Clinical implications Pelvic Floor Fascial Mobilization
(PFFM) is an innovative manual technique for treatment of pelvic floor
dysfunction by improving fascial gliding. The connective (Fascial)
tissues form a ubiquitous network throughout the whole body, which is
usually regarded as a passive contributor to biomechanical behavior of
muscles and organs. Treatment of fascia may improve muscle
function.22 Fascial scar release techniques by soft
tissue mobilization have shown improvements for treatment of abdominal
and pelvic adhesions related pain.23
PFFM is an intra vaginal and / or intra rectal manual therapy technique
developed (by S.N.) to treat pelvic fascial dysfunction, continuous to
the total outer body Fascial manipulation® technique
developed by Stecco29-31 33. PFFM was shown to rapidly
improve pelvic floor function in a male cyclist involved in an accident
after only two, 40 minutes intervention sessions36Treatment of fascia may improve muscle strength,22 and
by PFFM, the pelvic floor musculature could gain proper strength and a
balanced tone. PFFM was associated with an improvement of PFM strength
by more than 40% as well as reducing subjective symptoms by more than
40%. Such improvement was not found for pelvic floor exercise
PFFM can benefit cervical length as well. Anatomically, the cardinal and
the uterosacral ligaments provide extensive attachment of the cervix to
the lateral pelvic walls, the greater sciatic foramen, the piriformis,
and the lateral sacrum, as far as the sacroiliac joints. The uterosacral
ligaments are attached to the cervix postero-laterally, and posteriorly
to the fascia in front of the sacroiliac joints55 56.

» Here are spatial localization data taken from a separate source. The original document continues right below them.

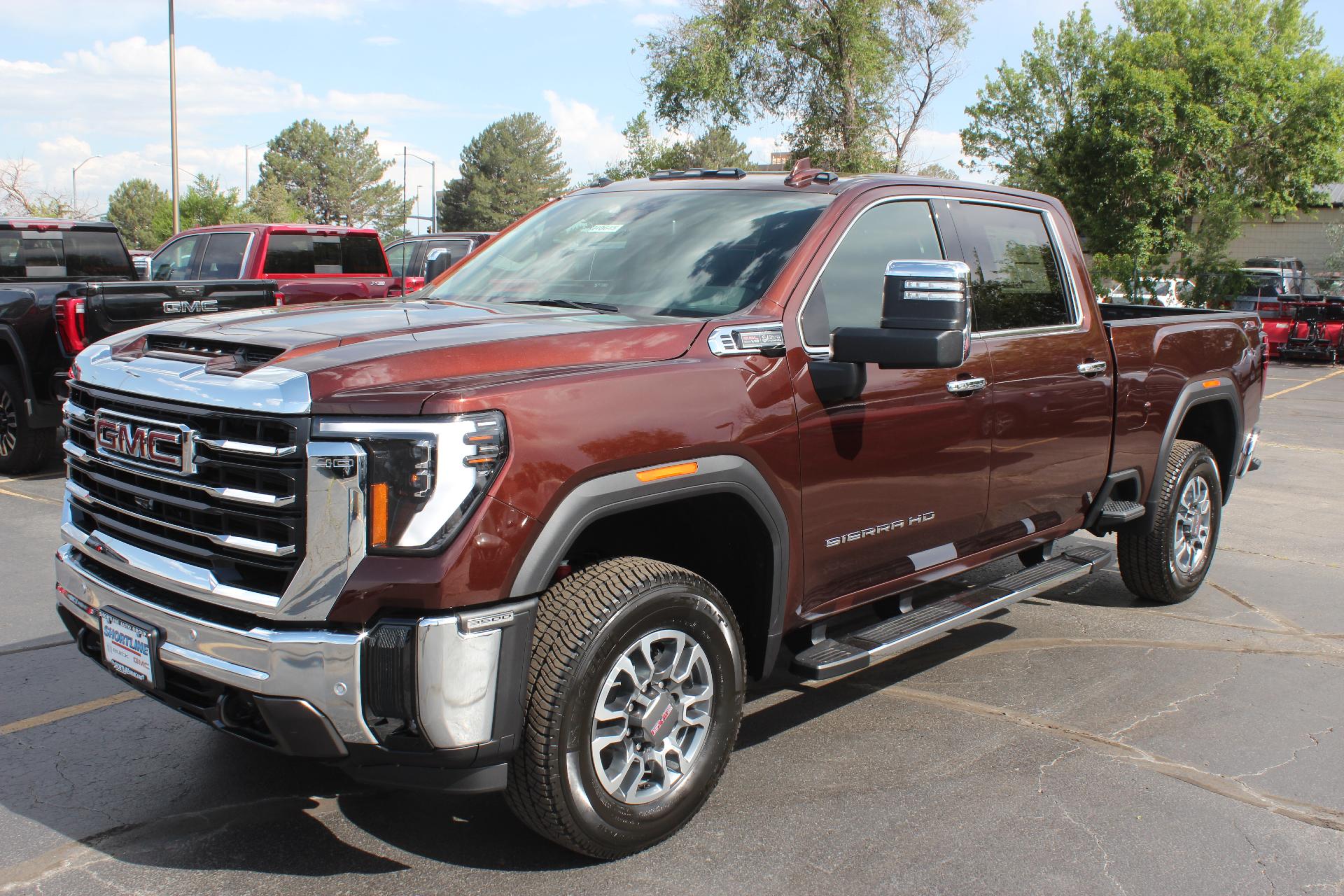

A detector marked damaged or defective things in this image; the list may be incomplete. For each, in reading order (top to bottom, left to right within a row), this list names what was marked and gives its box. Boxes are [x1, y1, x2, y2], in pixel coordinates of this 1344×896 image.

cracked pavement [2, 365, 1344, 896]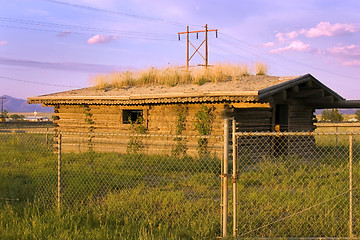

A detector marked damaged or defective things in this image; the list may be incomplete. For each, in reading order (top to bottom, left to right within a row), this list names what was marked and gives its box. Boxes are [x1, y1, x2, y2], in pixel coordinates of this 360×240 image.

rusty fence wire [0, 130, 222, 239]
rusty fence wire [233, 131, 360, 238]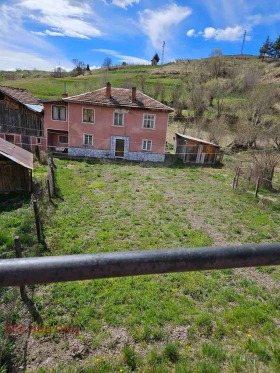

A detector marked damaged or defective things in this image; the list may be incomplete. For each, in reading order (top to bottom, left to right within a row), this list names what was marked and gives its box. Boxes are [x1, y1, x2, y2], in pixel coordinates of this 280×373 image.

rusty metal railing [0, 243, 280, 286]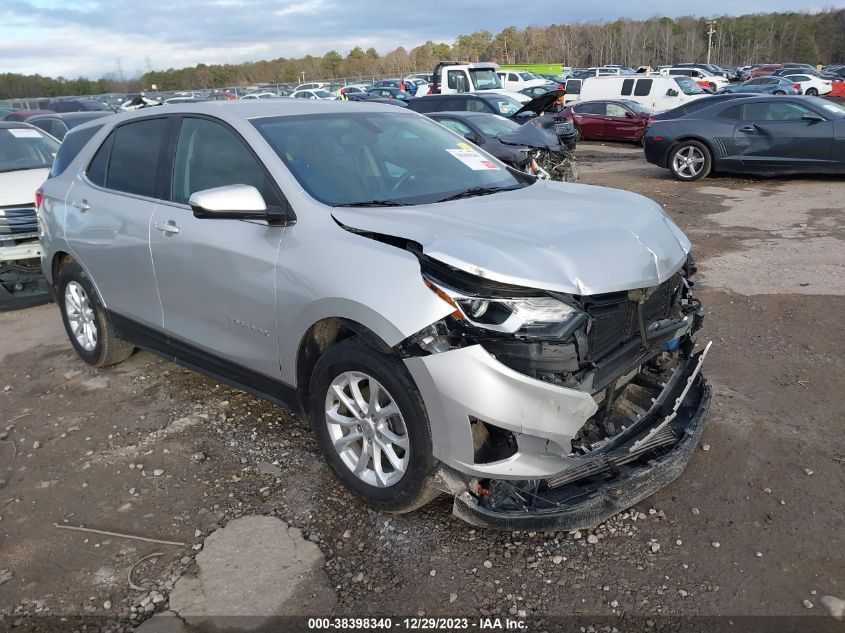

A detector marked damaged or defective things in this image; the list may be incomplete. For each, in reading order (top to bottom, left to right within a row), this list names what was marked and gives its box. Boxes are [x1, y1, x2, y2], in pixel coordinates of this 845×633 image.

crumpled hood [0, 168, 48, 205]
crumpled hood [332, 179, 692, 296]
broken headlight [422, 274, 588, 338]
damaged front end [398, 251, 708, 528]
crushed front bumper [452, 350, 708, 528]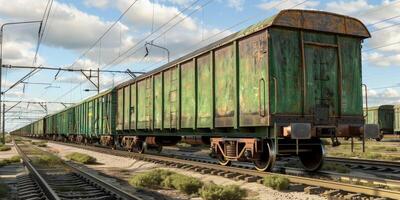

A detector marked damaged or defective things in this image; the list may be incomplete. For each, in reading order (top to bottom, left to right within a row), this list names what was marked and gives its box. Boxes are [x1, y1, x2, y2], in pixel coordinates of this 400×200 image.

rusty train roof [115, 9, 372, 89]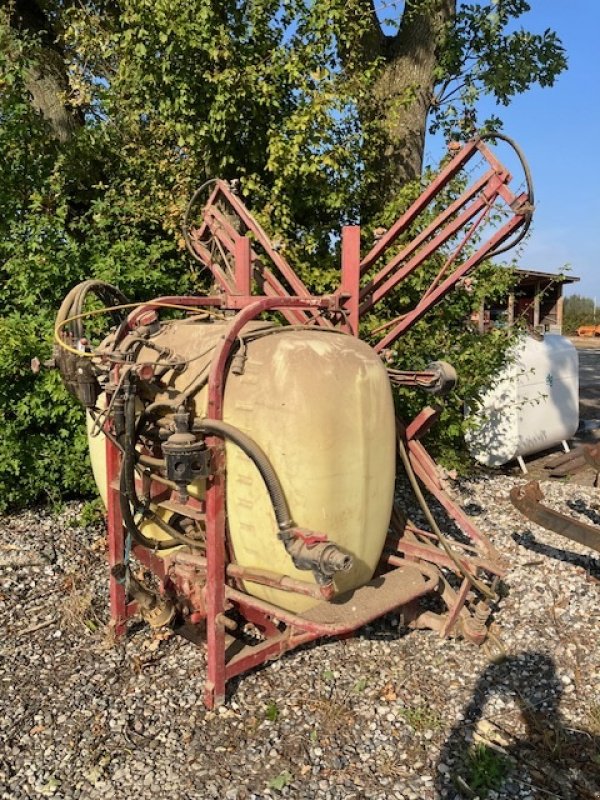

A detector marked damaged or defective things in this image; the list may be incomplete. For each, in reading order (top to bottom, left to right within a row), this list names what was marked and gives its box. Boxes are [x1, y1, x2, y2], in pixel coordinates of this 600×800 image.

rusty metal [508, 482, 600, 556]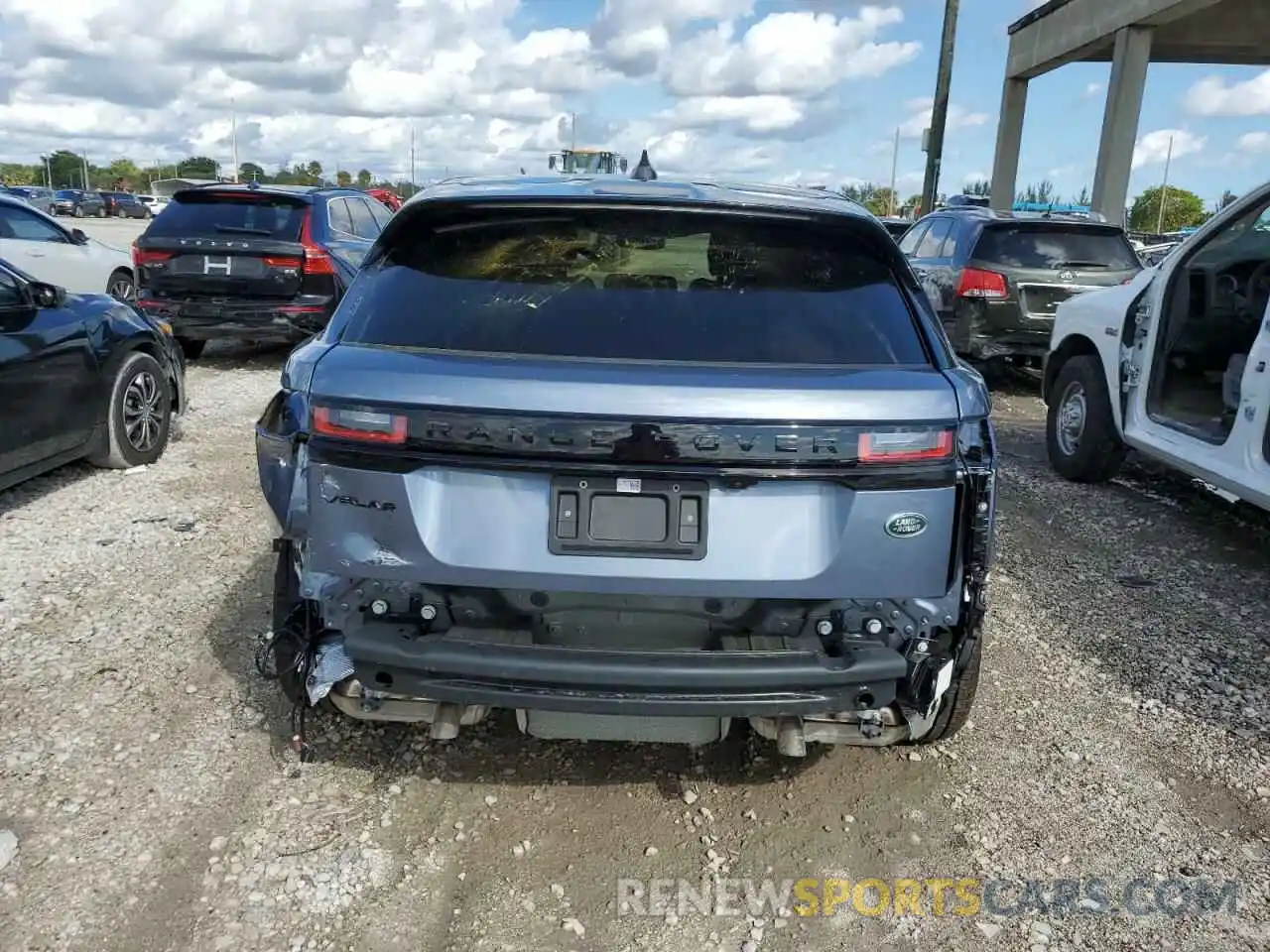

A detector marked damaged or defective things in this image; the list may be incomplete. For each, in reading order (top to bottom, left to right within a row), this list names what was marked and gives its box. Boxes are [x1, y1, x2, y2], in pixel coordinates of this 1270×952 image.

damaged range rover suv [252, 175, 995, 756]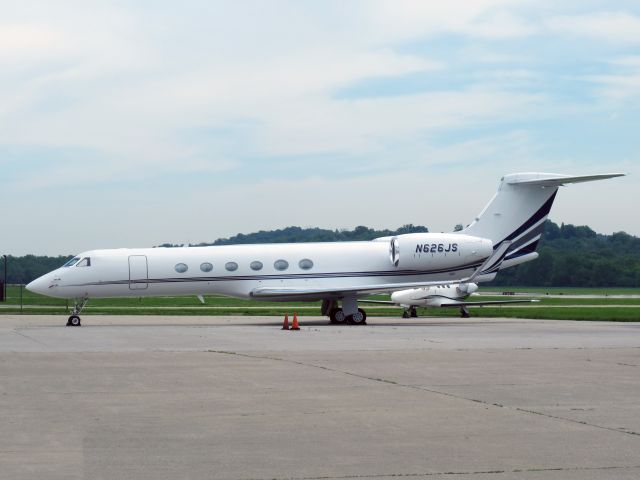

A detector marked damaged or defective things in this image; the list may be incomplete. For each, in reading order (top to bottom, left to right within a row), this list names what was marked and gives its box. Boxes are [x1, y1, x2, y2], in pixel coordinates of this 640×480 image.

pavement crack [210, 348, 640, 438]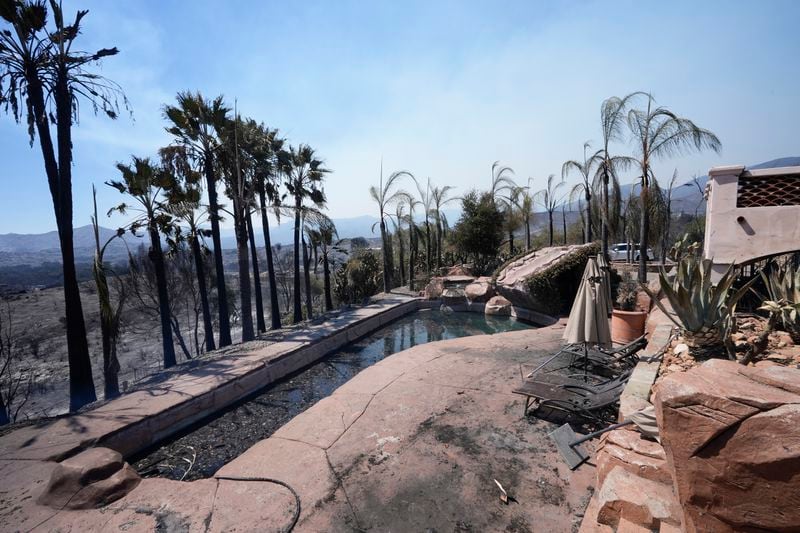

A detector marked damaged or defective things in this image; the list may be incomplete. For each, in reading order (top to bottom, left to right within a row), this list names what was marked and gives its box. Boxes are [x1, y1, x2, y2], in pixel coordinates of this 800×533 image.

burned lounge chair [512, 372, 632, 422]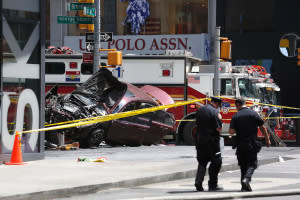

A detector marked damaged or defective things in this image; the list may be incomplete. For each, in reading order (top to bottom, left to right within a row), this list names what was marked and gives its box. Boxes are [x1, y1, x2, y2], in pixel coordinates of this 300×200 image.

wrecked car [44, 68, 176, 148]
shattered windshield [239, 78, 258, 98]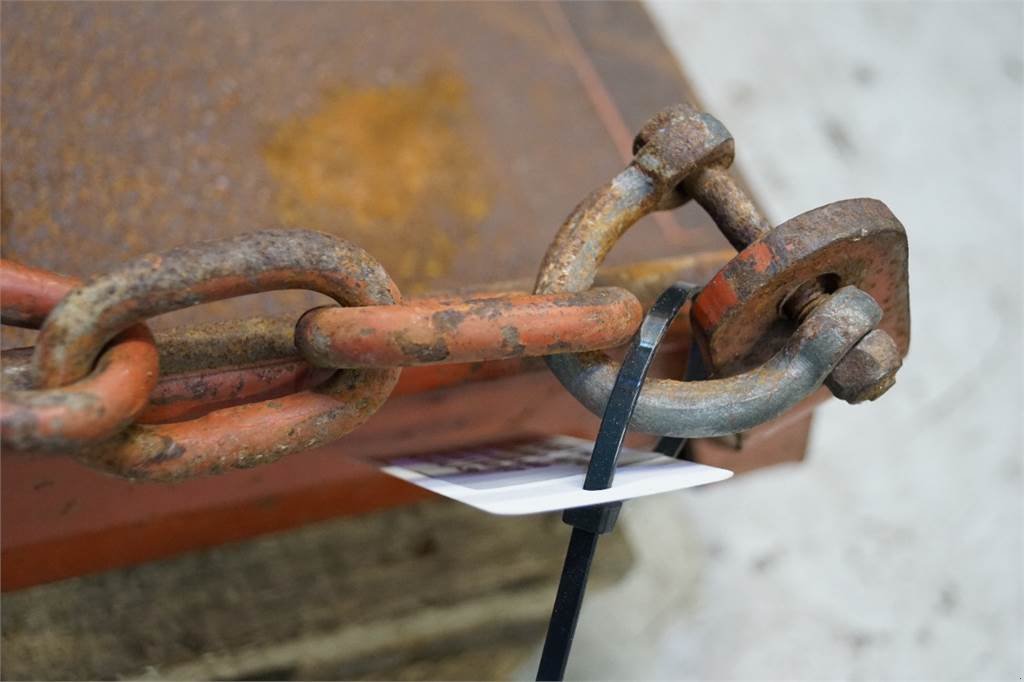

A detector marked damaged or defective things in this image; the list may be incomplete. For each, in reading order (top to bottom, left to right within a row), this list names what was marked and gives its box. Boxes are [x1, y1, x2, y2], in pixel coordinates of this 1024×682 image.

rusty bolt head [626, 103, 733, 208]
rusty chain [0, 104, 913, 477]
rusty steel plate [692, 196, 909, 376]
rusty bolt head [827, 329, 901, 403]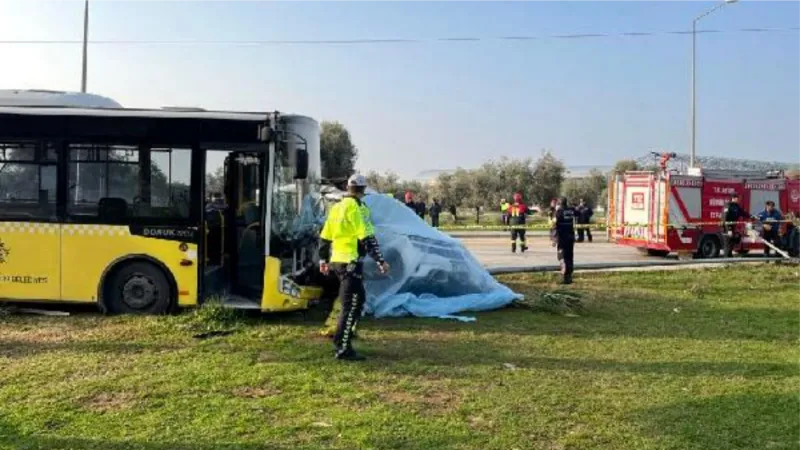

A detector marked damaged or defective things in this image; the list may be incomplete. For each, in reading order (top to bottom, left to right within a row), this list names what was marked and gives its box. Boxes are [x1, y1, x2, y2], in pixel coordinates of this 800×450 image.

blue crumpled vehicle [296, 190, 520, 320]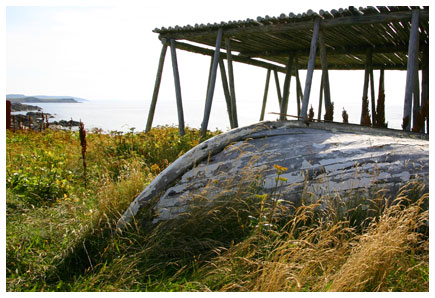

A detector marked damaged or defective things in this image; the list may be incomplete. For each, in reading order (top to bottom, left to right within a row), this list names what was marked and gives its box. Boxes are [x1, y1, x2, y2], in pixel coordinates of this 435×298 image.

peeling white paint on hull [117, 121, 430, 230]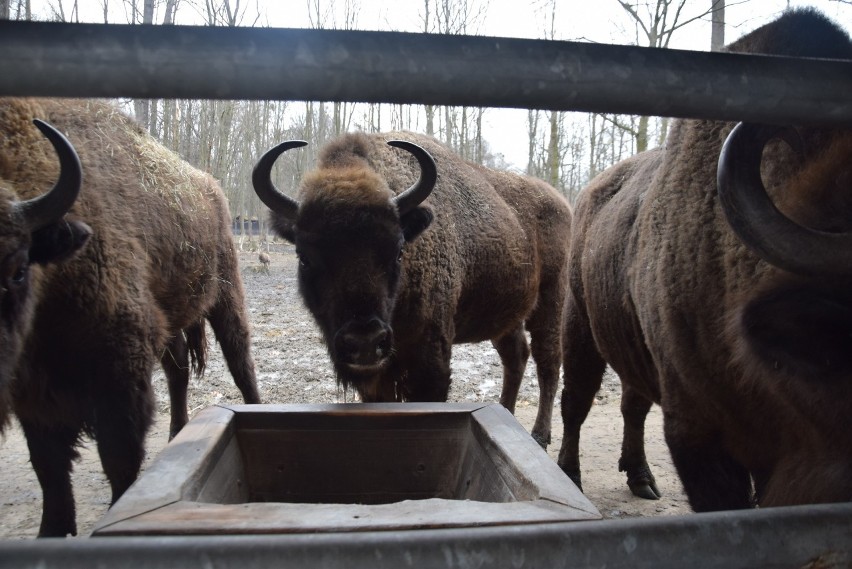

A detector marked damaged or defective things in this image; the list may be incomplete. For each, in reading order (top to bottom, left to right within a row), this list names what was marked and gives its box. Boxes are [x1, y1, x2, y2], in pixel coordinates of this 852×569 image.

rusty metal bar [0, 20, 848, 125]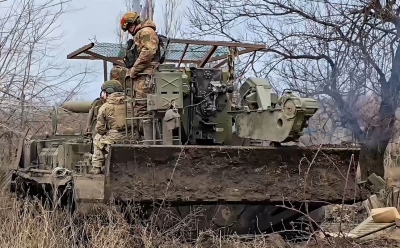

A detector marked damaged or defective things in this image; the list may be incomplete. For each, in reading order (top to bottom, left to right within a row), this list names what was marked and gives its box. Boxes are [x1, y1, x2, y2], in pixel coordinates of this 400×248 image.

rusty metal surface [104, 144, 364, 204]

The apex of the vagina and uterus are held in place by the uterosacral
and cardinal ligaments, anchoring the cervix over the levator plate.
This 3-dimensional fascial-ligamentous creates a cradle-like structure
holding the cervix in its proper position.
This may lead to better and equal support of the ligamentous structures,
and hence, change the tension applied on the cervix, and contribute to
its length and endurance. We found when an elongation of the CL measured
on 20 participants after treatment with PFFM with no effect of regular
pelvic exercise. Research implications : We present a
possible innovative and safe method for the treatment of pelvic floor
disorders in pregnant women is investigated. Further study is needed on
a larger sample size to evaluate the effect of PFFM on elongation of
cervical length during pregnancy and to evaluate the effect of PFFM on
prevention and treatment of urinary incontinence.